Na Ibéria, dos fracos não reza a história, mesmo quando estes possam ser maioria.
Na Ibéria, o espírito democrático nunca prevaleceu. Muito menos, a ideia de uma casa federada.

18.10.19

Talvez não

Em descanso e desinteressado? Talvez não.  
Olhar de desilusão? Talvez não.
Desleixado? Talvez não.
De facto, nem ela, a estátua, conhece a razão por que se encontra naquele largo...
Nem eu sei porque razão ela chama a minha atenção.
Sinto! 
Como se fosse possível dizer o que sinto!
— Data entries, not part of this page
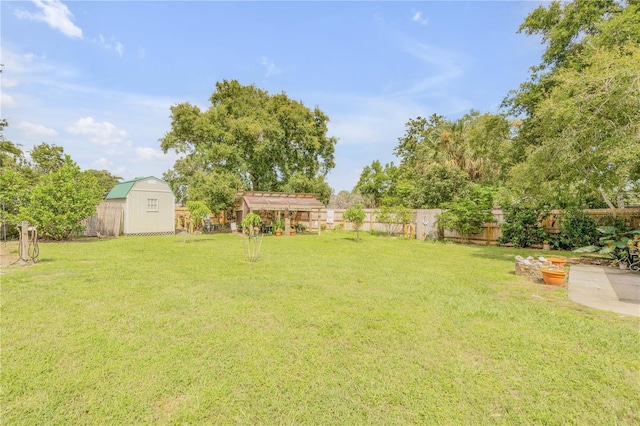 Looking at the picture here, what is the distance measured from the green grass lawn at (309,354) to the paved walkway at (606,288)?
0.36 m

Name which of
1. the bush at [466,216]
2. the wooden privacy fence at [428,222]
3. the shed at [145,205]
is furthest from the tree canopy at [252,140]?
the bush at [466,216]

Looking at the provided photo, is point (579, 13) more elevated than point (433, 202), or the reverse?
point (579, 13)

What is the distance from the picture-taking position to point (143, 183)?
54.3 ft

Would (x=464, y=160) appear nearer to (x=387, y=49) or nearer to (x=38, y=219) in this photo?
(x=387, y=49)

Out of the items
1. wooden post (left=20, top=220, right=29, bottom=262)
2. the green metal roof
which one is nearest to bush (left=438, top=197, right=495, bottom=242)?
wooden post (left=20, top=220, right=29, bottom=262)

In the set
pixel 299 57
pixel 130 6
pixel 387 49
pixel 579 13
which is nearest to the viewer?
pixel 130 6

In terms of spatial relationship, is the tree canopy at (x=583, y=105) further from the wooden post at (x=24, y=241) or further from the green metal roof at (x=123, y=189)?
the green metal roof at (x=123, y=189)

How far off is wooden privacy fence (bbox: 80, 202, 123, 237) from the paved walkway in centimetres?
1814

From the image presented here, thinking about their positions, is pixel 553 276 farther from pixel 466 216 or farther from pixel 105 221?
pixel 105 221

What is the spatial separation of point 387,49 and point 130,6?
27.1 feet

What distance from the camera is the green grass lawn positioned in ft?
7.18

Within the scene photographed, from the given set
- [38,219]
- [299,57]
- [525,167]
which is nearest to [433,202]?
[525,167]

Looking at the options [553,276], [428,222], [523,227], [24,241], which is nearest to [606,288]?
[553,276]

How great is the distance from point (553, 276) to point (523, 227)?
7.43 meters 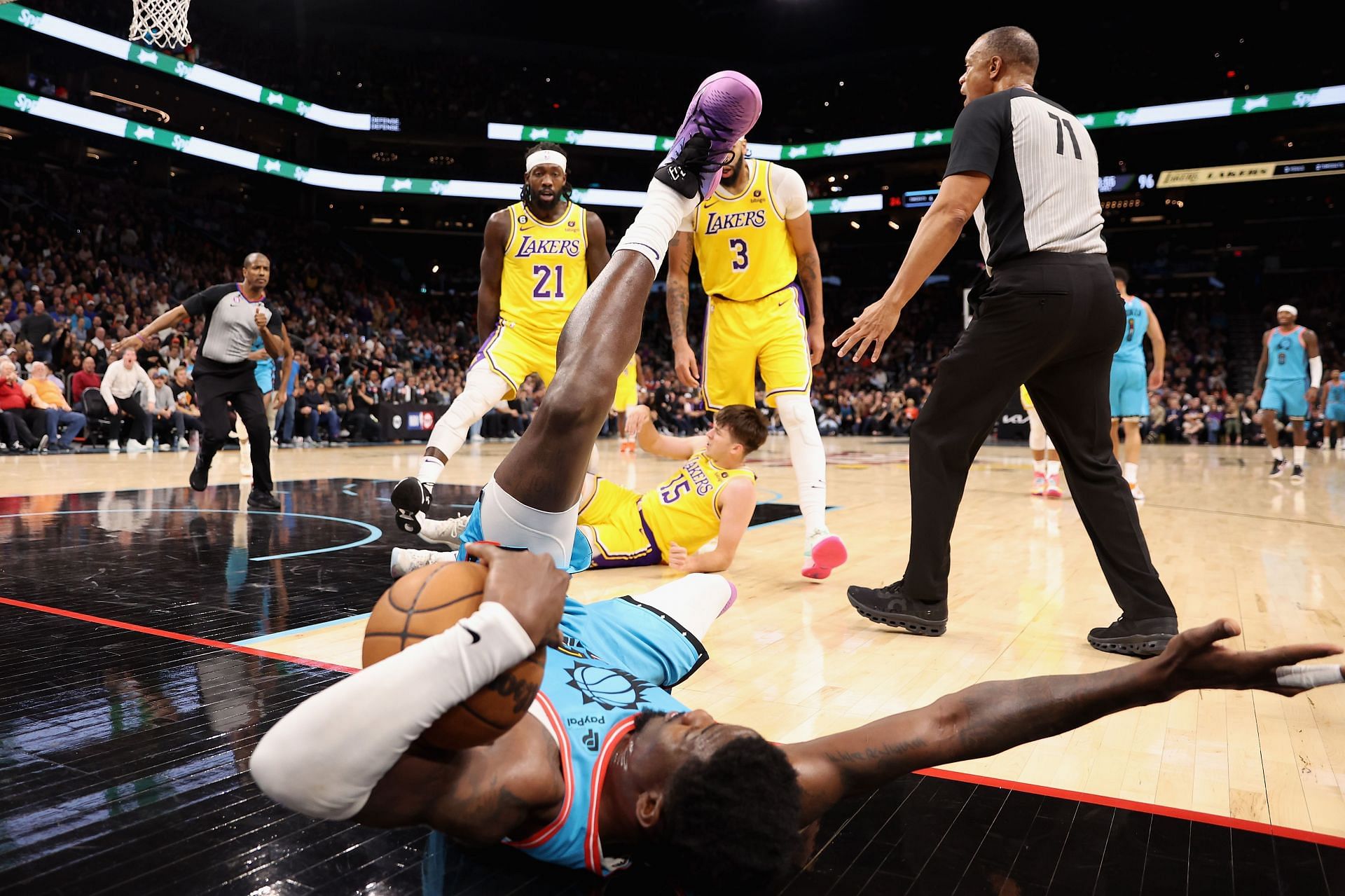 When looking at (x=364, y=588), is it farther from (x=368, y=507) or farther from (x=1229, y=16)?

Como se houvesse alguma relação  do sentimento com a sensação!
Contentar-me-ia se pudesse voltar a olhar a estátua escondida num recanto de agosto - mais do que olhar é já perversão...
Talvez não.

17.10.19

Falam-te de água...

Basta uma palavra, inesperada, para nos fazer saltar...
Por exemplo, 'trinfar'...

Falam-te de água as
andorinhas no trinfar dos beirais

cedo te falarão de mim
ainda que não saiba quando a
próxima primavera
António Souto, O Milagre do Entardecer, circularidade, Onyva, 2019

Sim, 'trinfar' existe: 'soltar a voz' (falando-se da andorinha).…  
E assim o leitor procura as águas dos beirais, que anunciam a migração, ao entardecer, na expectativa, que haja regresso da fala, sempre primaveril, bucólica.
… haja regresso da poesia do António Souto.
Por agora, a chuva cai dos beirais e fala-nos do milagre do anoitecer...

16.10.19

Neste dia

Maria Antonieta foi julgada, condenada por traição, e guilhotinada em 16 de outubro de 1793. Já lá vão 226 anos|
O edifício do Liceu Camões foi inaugurado em 16 de outubro de 1910. A desejada reabilitação está em curso lento, com ou sem nevoeiro...

Este que aqui escreve veio ao mundo, com bastante dificuldade e alguma dor, no dia 16 de outubro de 1954, pelas 6 horas da manhã. Talvez seja esse o motivo porque gosta de se levantar cedo...
Presentemente, sente-se mais próximo do edifício projetado pelo Ventura Terra do que da Maria Antonieta pois, apesar de tudo, prefere submeter-se a algumas obras de conservação a imaginar a cabeça a separar-se do pescoço.
Enfim, há quem diga que hoje tem início uma nova vida, mas não me parece. Talvez, alguns descontos aqui e ali… sem regresso ao ponto de partida, e já distante do tempo da caruma.

15.10.19

Escrever

Há quem escreva porque tem muito para dizer e procure dizê-lo de vários modos, uns mais tradicionais, outros mais audaciosos. No entanto, muitas vezes, a audácia é filha da preguiça de quem não quer fazer o caminho antigo… Dir-se-ia que o disparate compensa…
Dizer muito ou pouco nada adianta, porque já só interessa  não o que é dito mas o que se deseja no momento, e o desejo não respeita qualquer tradição, qualquer moral… nem pode mesmo ser confundido com o cio, pois este costuma ser sazonal.
Forçado a fugir do caminho antigo, eu já só escrevo porque nada há para dizer, no sentido do interdito.

13.10.19

Por maior que seja a dor

«Il y a quelque chose de vrai quand je dis que tout bien, et même toutes les créatures, sont par rapport à Dieu moins qu'une fève comparée au monde entier. C'est pourquoi, si j'étais un homme bon et avisé, je devrais à juste titre renoncer à prier Dieu qu'il me donne la santé.» Maître Eckart (1260-1328), La Divine Consolation

Eu que, só por distração, peço qualquer coisa, começo a apreciar a teologia de Maître Eckart. Nunca me passou pela cabeça que, devido à minha incapacidade de aceitar a existência de Deus, viesse a reconhecer que um mundo sem Criador fosse absurdo… A questão para Maître Eckart colocava-se de um modo distinto - se havia criaturas tinha que haver criador. E esse criador tudo definira no tempo da criação… À criatura, por maior que seja a dor, só resta agradecer os momentos em que ela se ausenta.
No essencial, a minha incompreensão nunca teve nada a ver com o Criador, mas, sim, com o Deus de dor (Cristo / o Filho) a que me deveria submeter.
A consolação não passa pela submissão.
A consolação é um modo de aceitação, em que, apesar de grão (fève), disponho de um certo número de oportunidades e, sobretudo, a oportunidade de não cortar as pernas às criaturas, minhas vizinhas.